# Task details:
Print the listing exactly as it stands, and skip any pictures in it.

........

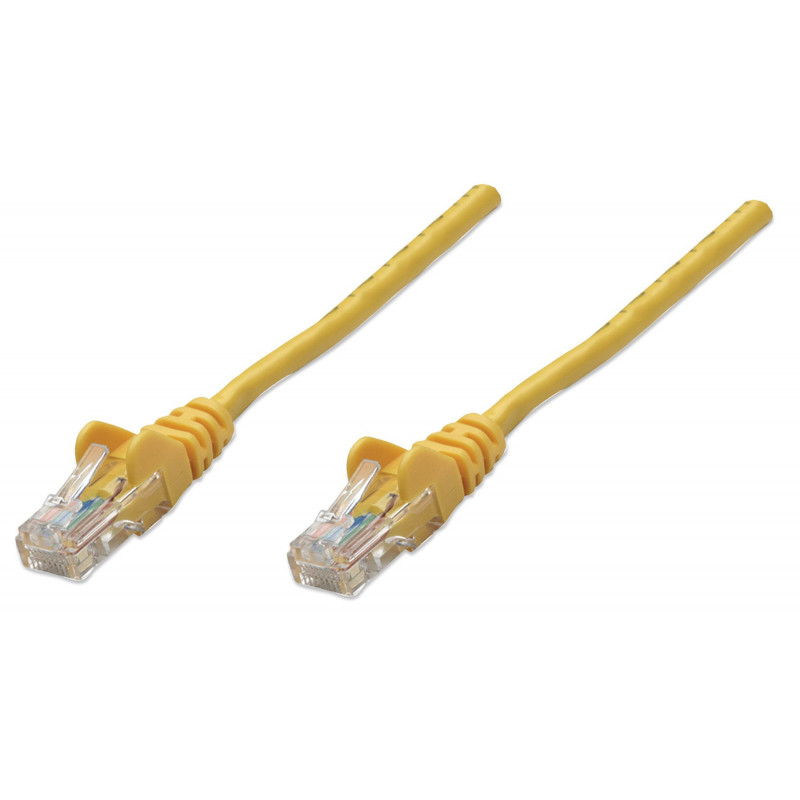 Intellinet RJ-45, M M, 1m verkkokaapeli Keltainen Cat5e U UTP (UTP)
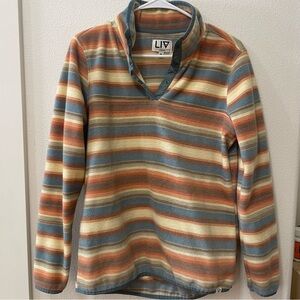 Life integrity earth quarter button fleece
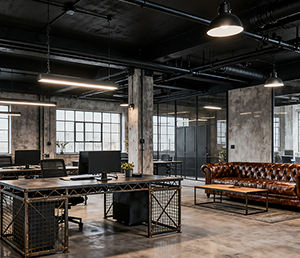 工业风办公室装修技巧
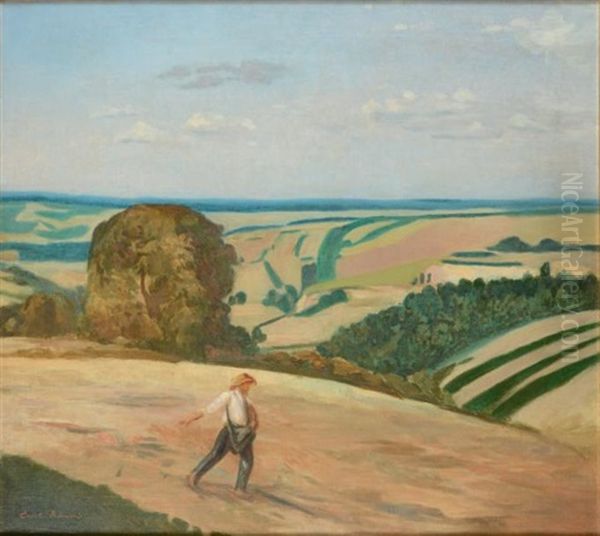 Le Semeur En Bretagne, 1908 Oil Painting by Emile Bernard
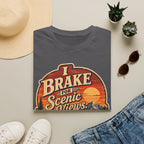 I brake for scenic views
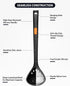Silicone Pasta Fork and Ladle Spoon Set, Large Non Stick Kitchen Utensils for Cooking,Stirring,One Piece Serving Spaghetti, Soup, Sauce (BLACK)...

........

# Expected answer:
 Intellinet RJ-45, M M, 1m verkkokaapeli Keltainen Cat5e U UTP (UTP)
 Life integrity earth quarter button fleece
 工业风办公室装修技巧
 Le Semeur En Bretagne, 1908 Oil Painting by Emile Bernard
 I brake for scenic views
Silicone Pasta Fork and Ladle Spoon Set, Large Non Stick Kitchen Utensils for Cooking,Stirring,One Piece Serving Spaghetti, Soup, Sauce (BLACK)...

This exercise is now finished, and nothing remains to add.